One of the barriers that health officials face is cultural. An estimated 40 percent of the salons nationwide are Vietnamese-owned, according to Nails magazine and its sister publication VietSALON. In a Viet Voice blog in the magazine, a contributor said Vietnamese nail technicians rarely speak out, keeping worries to themselves.

Massachusetts ranks seventh in the nation for the number of Vietnamese nail technicians working in its salons, according to Nails magazine.

Actress and model Tippi Hedren, who is known in part for her role in Alfred Hitchcock’s “The Birds,” is believed to have given rise to the Vietnamese nail salon movement in the 1970s.

According to Nails magazine, after Hedren’s nails were admired during a visit to a Vietnamese refugee camp in Sacramento, she helped refugees get training in the nail business.

Duong said he, his wife, and their young son came to Massachusetts from California, where he lived after the Vietnam War, because he wanted to start a nail salon business and there was less competition here at the time. His options were limited by the loss of part of one arm during the war.

Today, he and his wife, Chi, run Top Line Nails. Asked whether she ever has any health concerns related to the work, Chi Duong said, “I’m OK,” and “I love this job.”

Zeng, who said many of the salons in Boston that she studied are owned by Vietnamese, said she was surprised at how little information was getting to salon workers.

The first step is trying to get workers and owners to adopt simple ways to make their environments safer, Zeng said. These include opening doors and windows when the weather allows, to improve ventilation; keeping products capped when not in use, to keep vapors from getting into the air; and not eating at their work stations.
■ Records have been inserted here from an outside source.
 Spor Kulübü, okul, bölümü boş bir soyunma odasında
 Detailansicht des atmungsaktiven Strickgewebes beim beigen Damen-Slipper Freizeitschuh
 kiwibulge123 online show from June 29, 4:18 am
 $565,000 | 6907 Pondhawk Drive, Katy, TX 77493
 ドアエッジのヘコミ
Eventually, nail salons could follow the example of places such as Forever-French in Norwood, which uses a “source capture” ventilation system in which a flexible, robot-like arm sucks in fumes and dust generating by the nail treatments.

Zeng recalled her first day on the job, when she was initially discouraged at the lack of interest but became reinspired by an owner who did want to hear about how to keep her workers safer.
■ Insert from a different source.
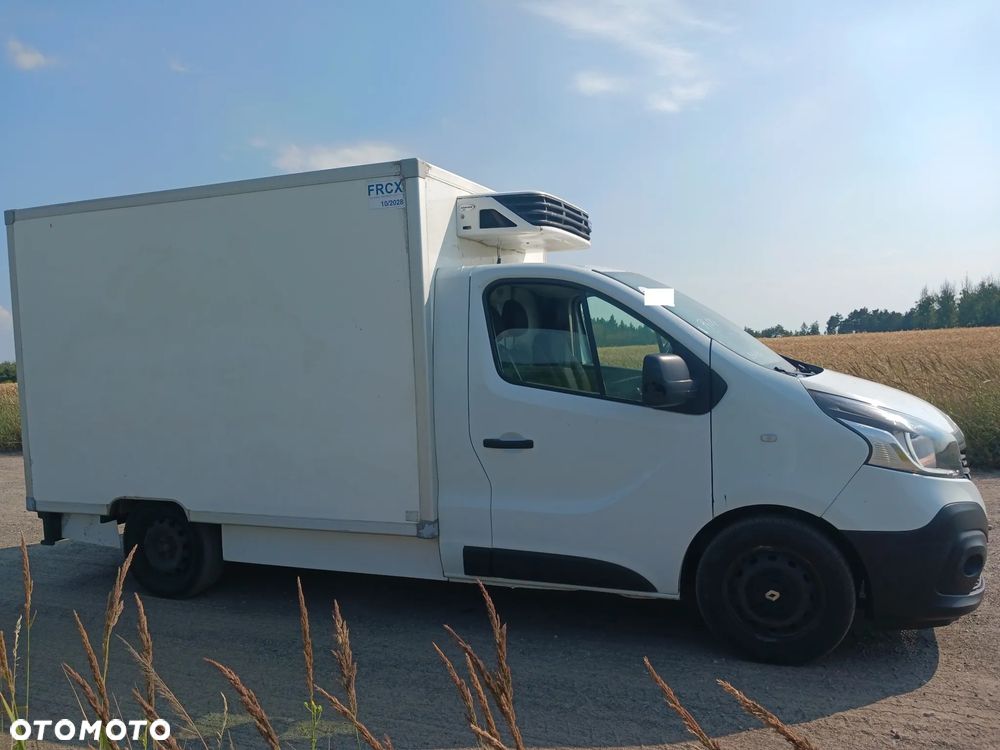 Renault Trafic III 2015r 273 tyś Izoterma chłodnia Mroźnia Sklep Food Truck Agregat zasilanie 230V Trafik - 9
“There are definitely some that are interested in the program,” Zeng said. “I respected that a lot.”

Berns said she hopes that Zeng will be able to provide a PowerPoint presentation and information, in various languages, to owners and workers at a time when there are no customers in the salon.

Katherine Kokko, of BME Strategies, a public health consulting firm, is the grant coordinator for the project. Kokko said there are no clear and easy answers.

Kokko said she has looked at efforts in San Francisco and King County in Washington state, but regulations vary from state to state and it can be difficult to determine and introduce safe and affordable practices.

Wearing gloves and masks can be considered a turnoff or uncomfortable, for example, and some alternative products may take more time to remove polish or to dry.

“Their entire business relies on a fast turnover time,” she said, adding that if an alternative slows down business, it will not be adopted. “It’s very hard to find the right answer.”

But some new ideas are gaining ground.

As Duong, Berns, and Zeng talked about safety efforts, Carole Kessel of Newton, a longtime customer, walked in. She had to cancel an appointment the day before, but now was rushing to get all of her errands done before an expected snowstorm and a trip to New York for a trade show.

Kessel said she needs to have good-looking nails for professional reasons, and no one can do them as well as Top Line.

As Chi Duong began filing with a drill before gluing on acrylic nails, Berns suggested that she put on her mask, and she did.

“It’s taking small steps to making a few changes,” Berns said.